◆ Task to carry out:
The material below includes pictures; leave them out and return only the lines between the line containing "Joyful white young-adult" and the line containing "May include: A", inclusive, word for word.

◆ Input for this task:
....

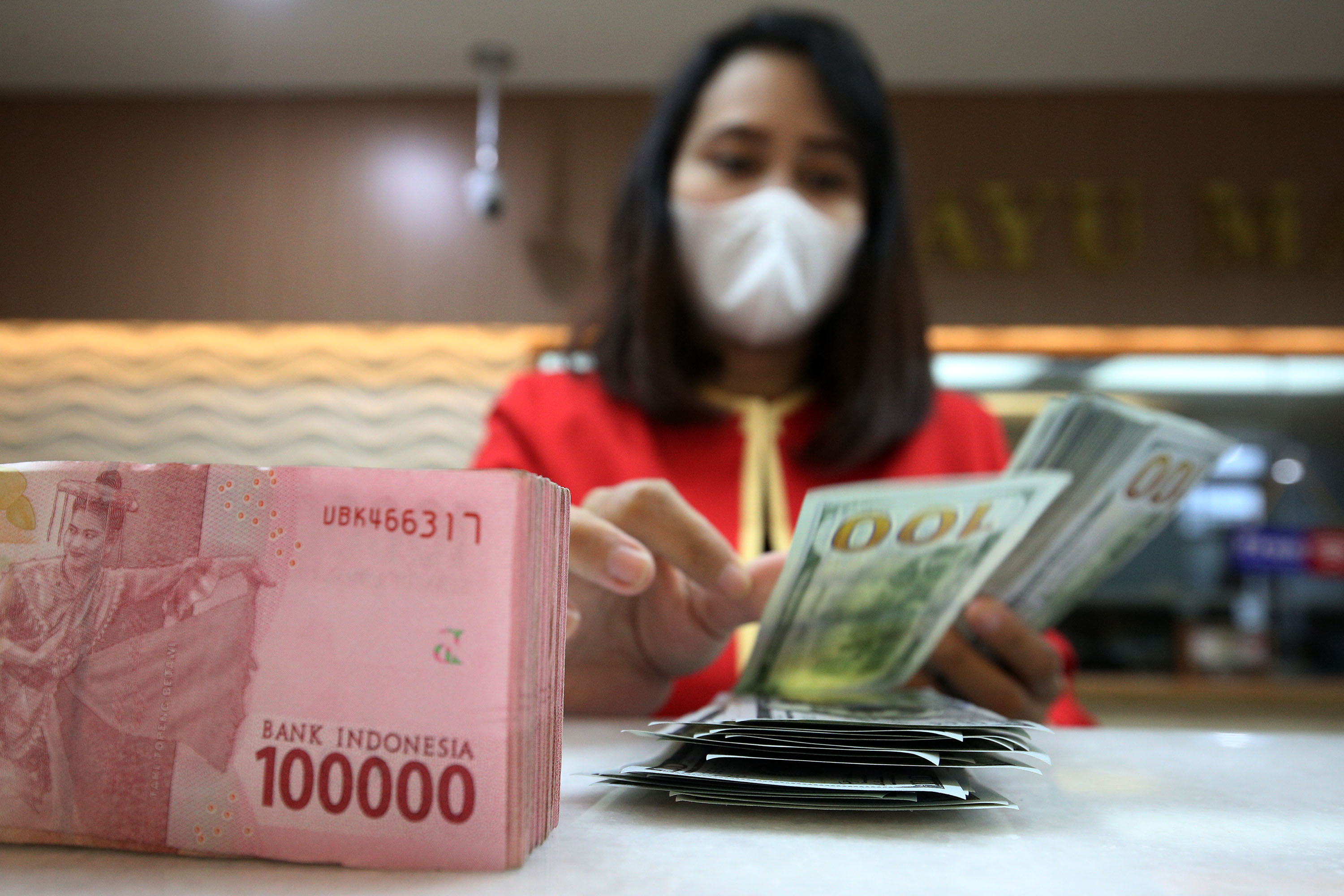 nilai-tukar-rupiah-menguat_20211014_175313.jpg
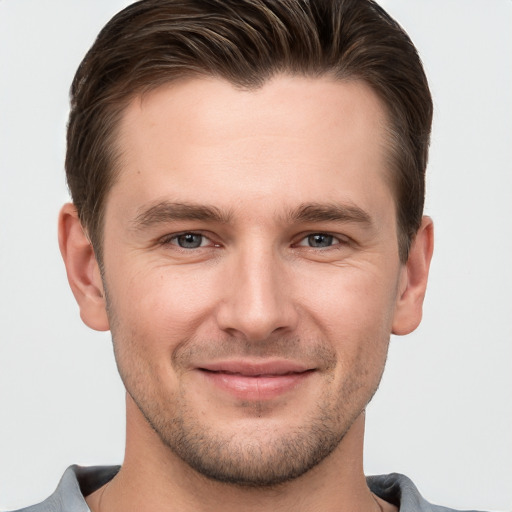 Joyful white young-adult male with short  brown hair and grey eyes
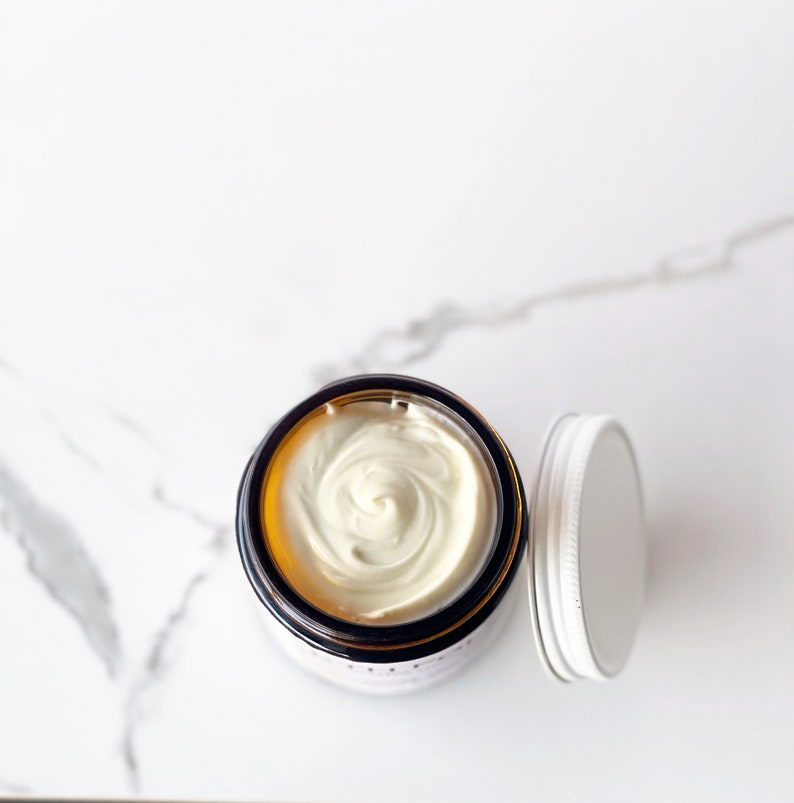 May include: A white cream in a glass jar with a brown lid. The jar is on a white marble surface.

....

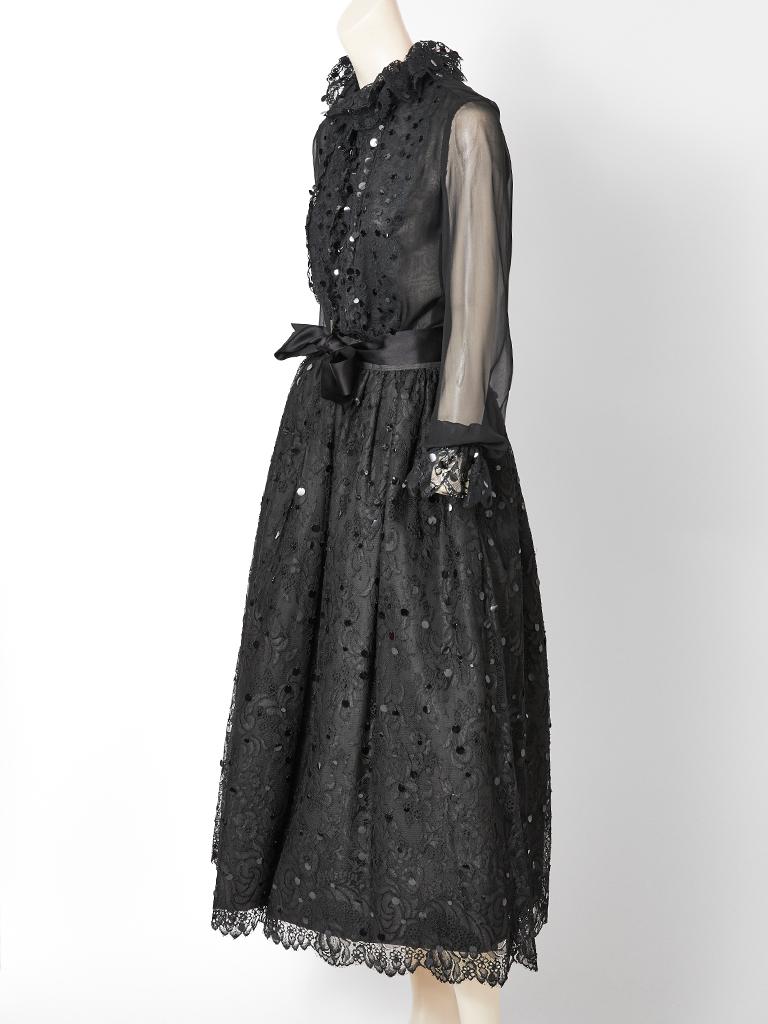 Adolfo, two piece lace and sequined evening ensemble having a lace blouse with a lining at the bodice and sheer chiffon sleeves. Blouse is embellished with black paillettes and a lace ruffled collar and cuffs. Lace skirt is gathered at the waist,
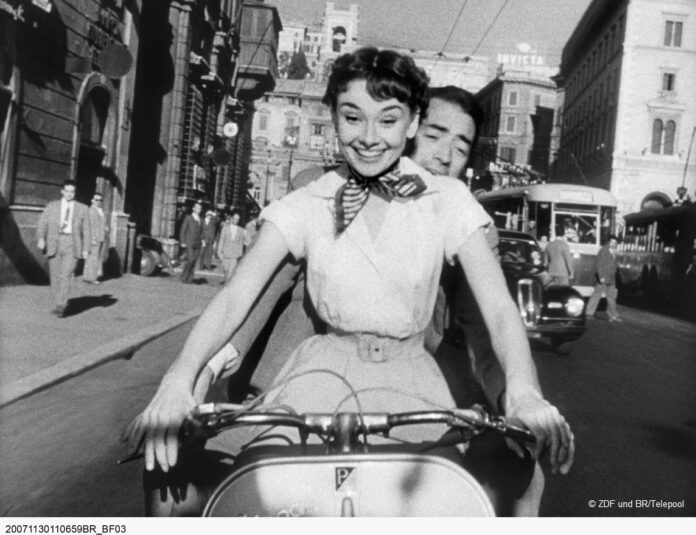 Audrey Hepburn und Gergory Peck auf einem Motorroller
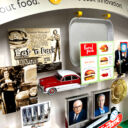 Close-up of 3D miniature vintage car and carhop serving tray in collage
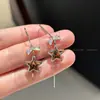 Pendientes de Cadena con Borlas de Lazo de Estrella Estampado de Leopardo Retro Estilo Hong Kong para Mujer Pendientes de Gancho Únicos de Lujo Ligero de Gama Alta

....

◆ Output below:
 Joyful white young-adult male with short  brown hair and grey eyes
 May include: A white cream in a glass jar with a brown lid. The jar is on a white marble surface.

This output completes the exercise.